I’ve been curious about those for a while, and so I picked up the mallet and began gently swirling it around the top edge of the bowl. In moments, the bowl emitted a strong, steady, and radiant high pitched tone. Suddenly, I was surrounded by others, curious about the sound. Playing it seemed to come natural to me. I asked to see another bowl in the key of E, aligned to the solar plexus chakra.
The clerk brought out a larger bowl and I began to play that one. I immediately knew that was the one. It truly sang to me. I did not think that morning that I would be the owner of a sound bowl, but soon enough, I was. The store clerk congratulated me on my purchase. On the car ride to the next place, my aunt and I both commented that we could still feel the vibration of the sound in our chests.
I brought my aunt back to my cousin’s house and she asked me to come inside to play my bowl. I was a little shy, still not knowing if what I was doing was anything at all. My cousins gathered around and I started to play the bowl again. One cousin closed her eyes and appeared to be concentrating. Her daughter called from her bedroom asking what the noise was. My cousin’s husband suddenly sat up from where he was sitting and said he didn’t like the feeling he was having in his chest. He said the sound was leaving him unsettled.

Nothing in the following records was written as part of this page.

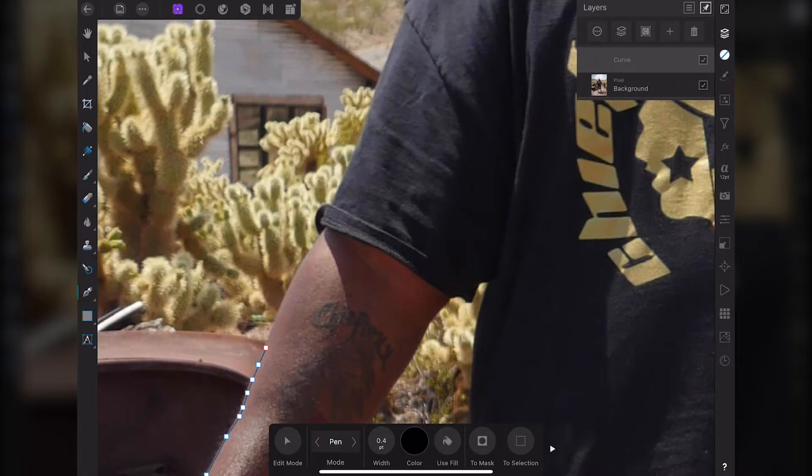Okay, first we're going to make sure you're in the photos persona. Go down to the pen tool and just start clicking away.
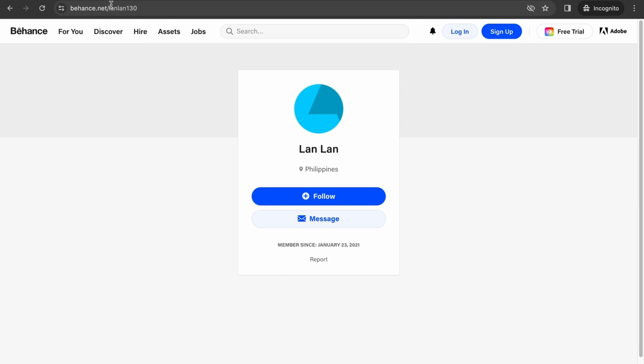So there you go guys, that is how you share your Behance portfolio link. So if you find this video helpful, please hit the like button and don't forget to subscribe.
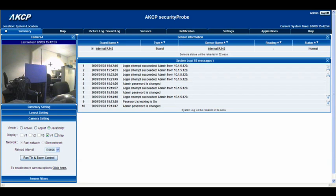In the next tutorial we're going to have a look at moving the camera, and how you go about doing that with the pan tilt and zoom control. But for now this was the basic setup of a camera.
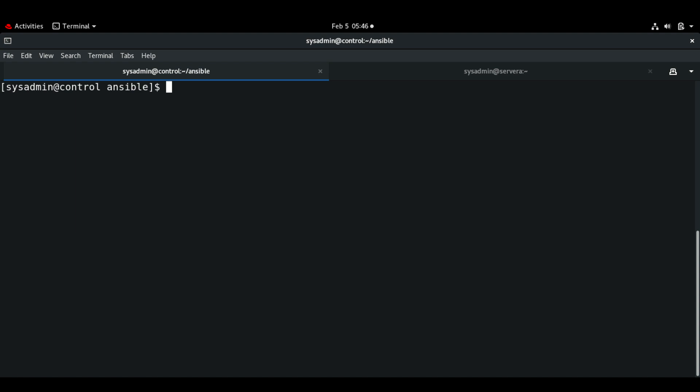Hello everyone, welcome back. In this video we will see some sample examples for using handlers in the Ansible playbook. As I mentioned in my previous video, handlers are just like other tasks that we use in the playbook. The difference is we will be using the notify statement, and the handler will be executed only when there is any change in the state on the managed nodes.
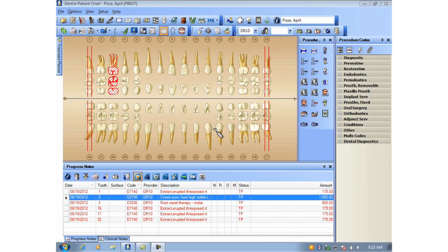Hello, my name is Ryan Beardall. In this video, you'll learn how to mark multiple procedures as referred all at once using Dentrix G2 or newer.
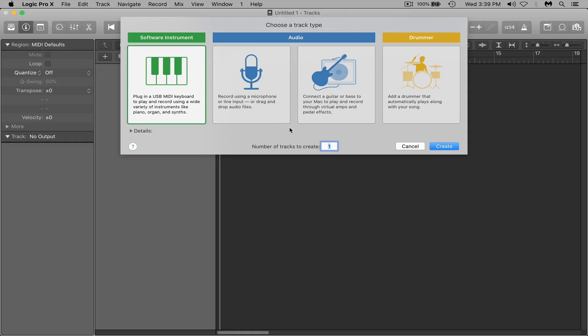Yo what's up YouTube, my name is Ransom. I'm here with a tutorial in Logic Pro X. I want to show you guys how to make a quick little beat template for yourself.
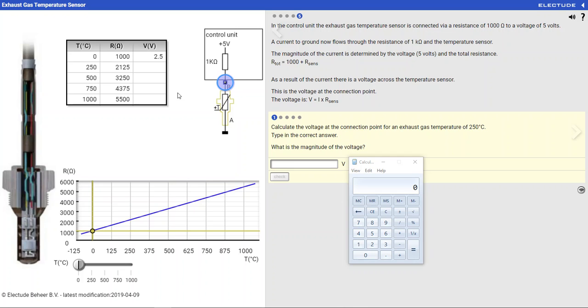All right, we're looking at EGT sensors, page 5, question 1, and we need to calculate the voltage at point B, given a temperature of 250 degrees.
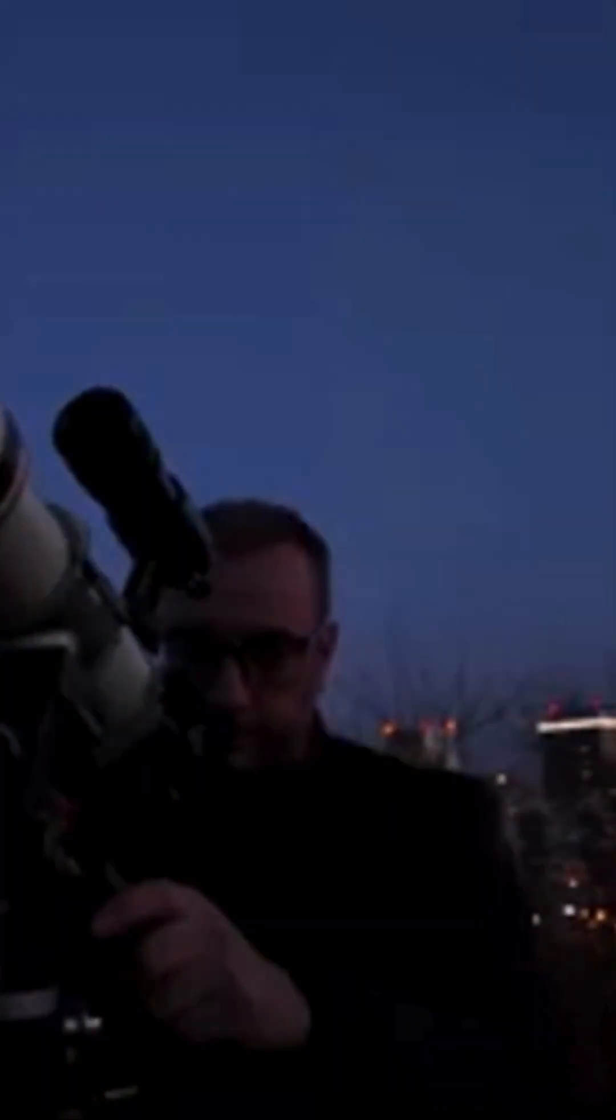You might be wondering if we can see this mini moon. Unfortunately, it will be too faint for most people to spot with regular...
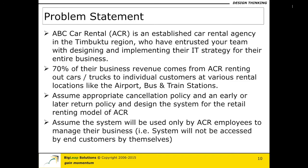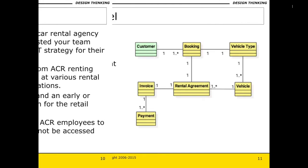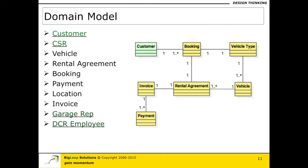Hello and welcome back. If you are on this particular video, it means that you are done with your exercise on the domain model. Now, let us look at the solution for that exercise that we started in the previous video. When I do this in the classroom session and give them the same problem, the list that you see on the left-hand side of the screen is typically the list that I get.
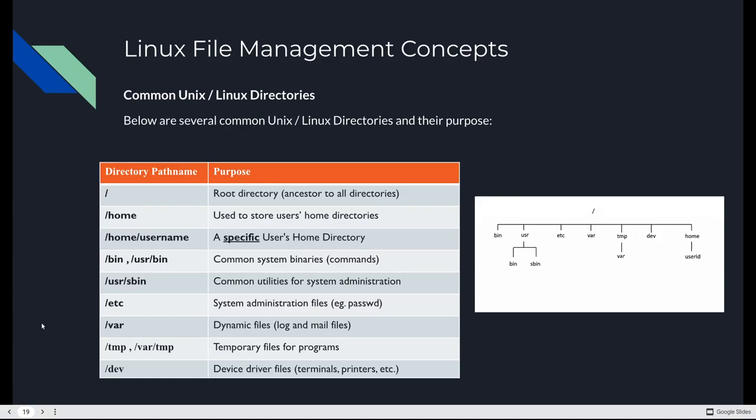There's a whole bunch of common directories. Root or slash, that's the root directory. It's the ancestor to all directories. Slash home is used to store the user's home directory. So every single user on the system will have a directory within there. Home username, that's a specific user's home directory. In this case, username or Ubuntu, which is what we're going to have in AWS in our instance.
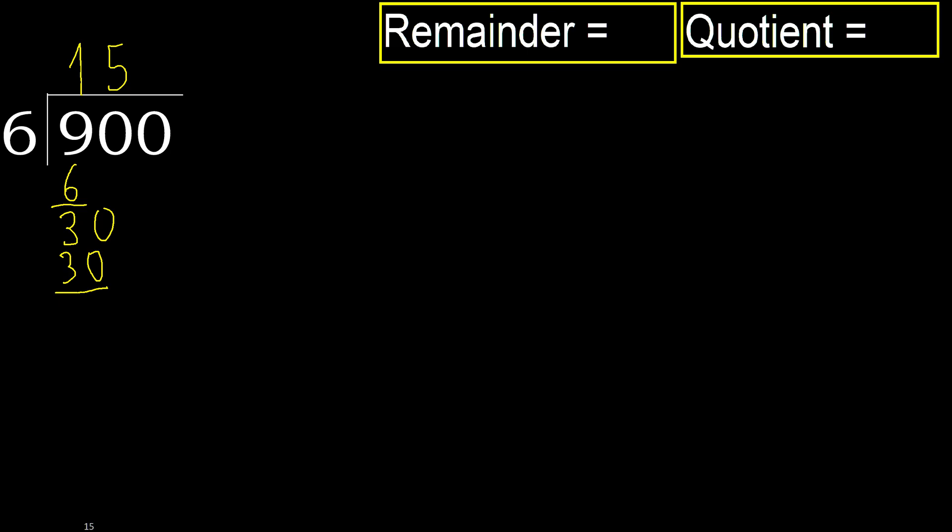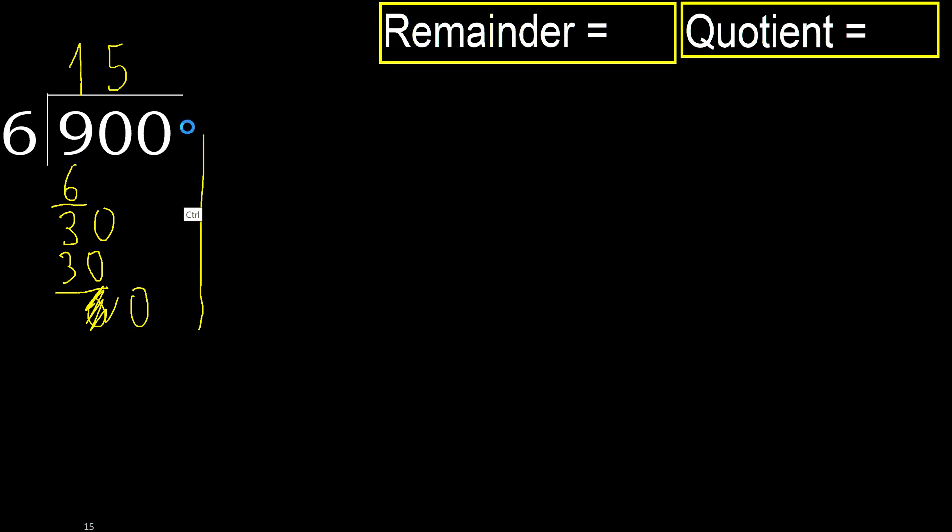Subtract: 30 minus 30, 0. Next, eliminate 0 on this side. 0, 0 is less, therefore next.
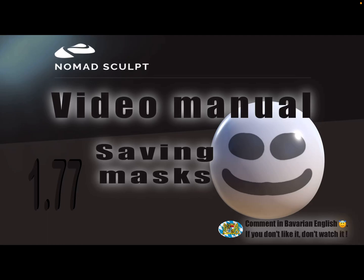Hello! Nomad Sculpt video manual. This video is about how to save or store a mask.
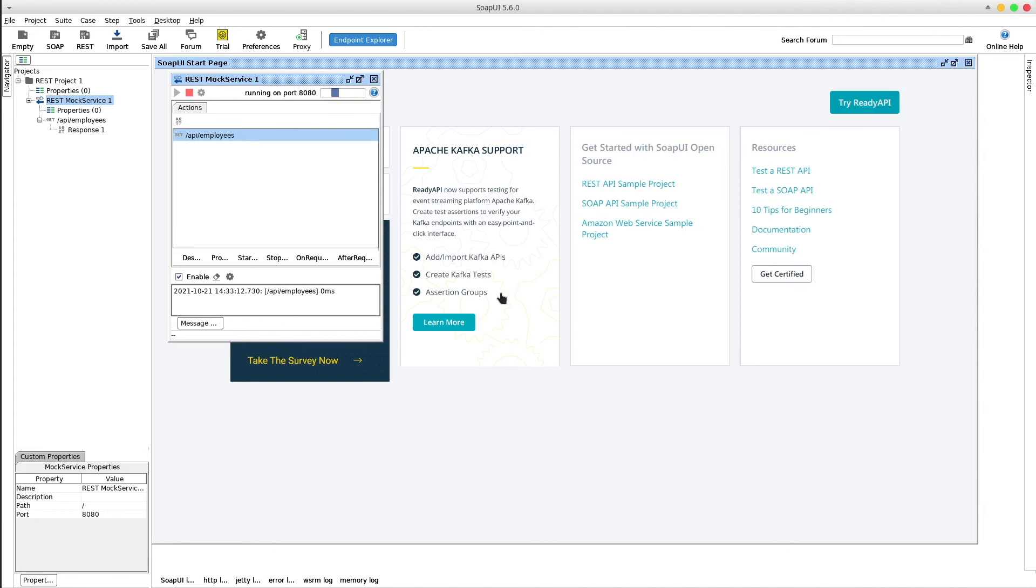In the next video we will learn how to run this XML mock server in a Docker container with a simple CLI command. Stay tuned.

I stopped playing and he shared his wonder and concern. Was this a good thing or a bad thing, he asked? How long was this feeling going to last?
By some instinct, I asked him, “When was the last time you laughed really hard? Like laughed to the point where it felt like your sides were splitting?” He paused and thought. He could not recall a time. Then he thought of something: one of his TV shows made him laugh really hard.
“Watch that,” I said. “It seems like you just need to laugh, move some energy that’s blocked there in your chest.”
He liked the idea, said he would try that.
Later, I had heard that the feeling had subsided for him, and that he was no longer unsettled. My cousin also reported that after hearing the singing bowl, her blood glucose dropped considerably.
Whatever it was, the singing bowl had opened a channel of energy for them, and for me. I’ll play the bowl now in between work calls and tasks, or at the 3 pm drop in energy, or when I need to refocus my thoughts. It’s quite amazing how it works.
While some folks turn to pills or tabs to feel better, or drugs or alcohol, or alternative methods like acupuncture, aromatherapy, or reiki, sound is a medicine all its own. As it opens and heals and soothes, it also stirs and awakens and disrupts. It does what it’s supposed to do in its own unique way for that unique person.